*** The data

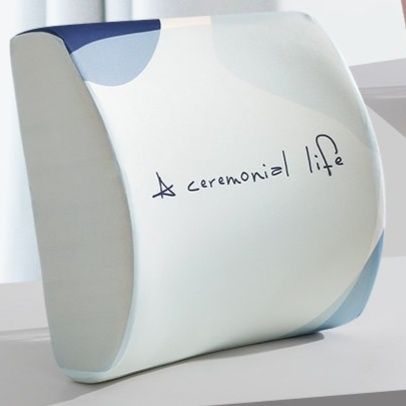 腰痛クッション 低反発素材の椅子用腰サポートクッション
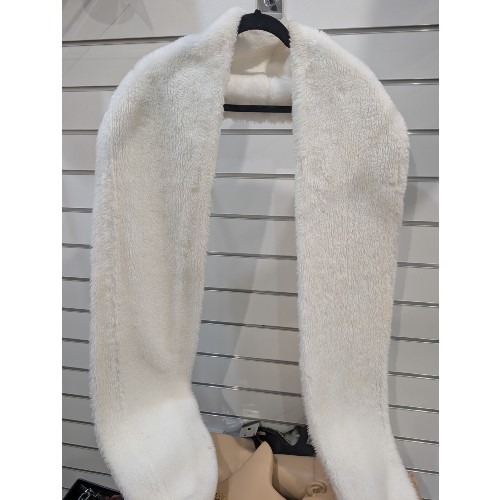 Fluffy White Stole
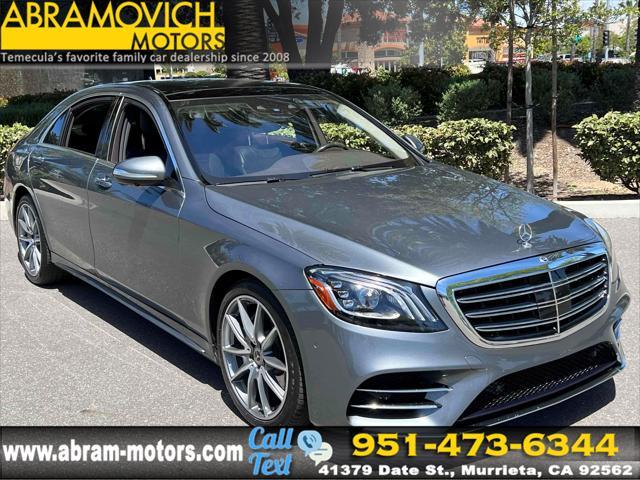 used 2020 Mercedes-Benz S-Class car, priced at $37,500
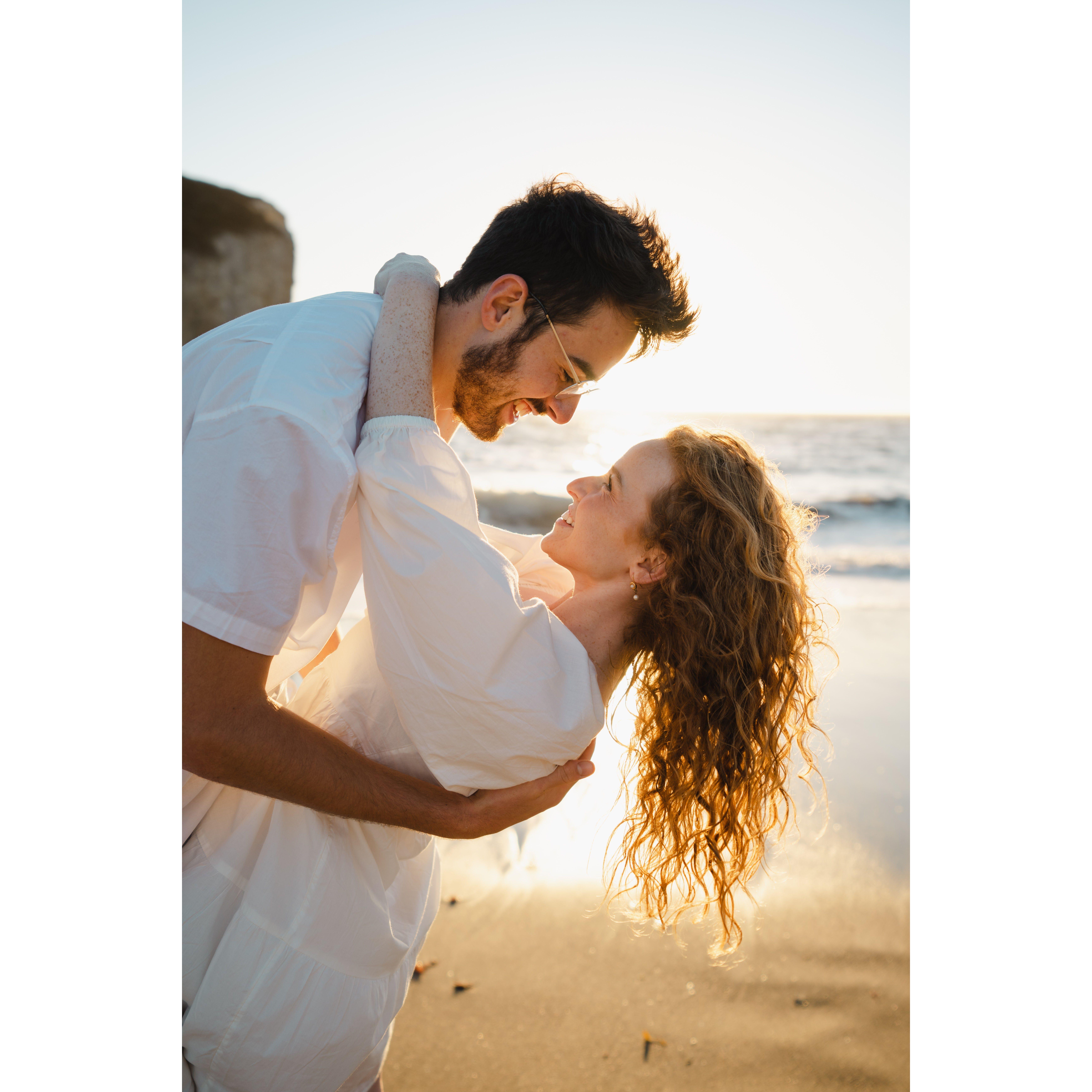 Our engagement photos- Sept. 3, 2022- Taken by Nick Hesler- Davenport, CA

******

■ **Activity**: Word for word, reproduce each line from the one with "Fluffy White Stole" through the last line of the material above, both included, and drop the pictures.

■ **Written response**:
 Fluffy White Stole
 used 2020 Mercedes-Benz S-Class car, priced at $37,500
 Our engagement photos- Sept. 3, 2022- Taken by Nick Hesler- Davenport, CA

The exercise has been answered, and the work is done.